Document Categorisation

By combining our core ontology management, pattern recognition and language processing technologies we can provide sophisticated and highly accurate document categorisation.

The ontology provides the schema and rules for the categorisation process. Documents are tokenised and any relevant stemming is applied, allowing the pattern recognition to find matching concepts in the ontology. The concepts are returned with a variety of relevance information indicating how relevant that document is to each concept. In addition a full breakdown of the document is returned, including information about sectioning and tokenisation.

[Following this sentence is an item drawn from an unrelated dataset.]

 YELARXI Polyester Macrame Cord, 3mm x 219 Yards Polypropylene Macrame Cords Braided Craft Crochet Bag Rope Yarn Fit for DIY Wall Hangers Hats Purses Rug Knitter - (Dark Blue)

The categorisation information is typically used in one of two ways. Firstly we may want to place the documents in an information retrieval system. The structural information and tokens can provide the data for free-text searching capabilities. The concept information can provide the data for concept-based retrieval. Secondly we may want to use the document analysis to decide how information is routed or distributed to users in an alerting system. For example users may subscribe to documents about a particular concept. Another example is to filter content, such as removing offensive emails.

Ontologies as Controlled Vocabularies

The Exteca Ontology Model provides a mechanism for modelling domains of knowledge. Information specialists have long used similar structures called thesauri or taxonomies for the same purpose. The Exteca Ontology Model provides all the features of thesauri and more!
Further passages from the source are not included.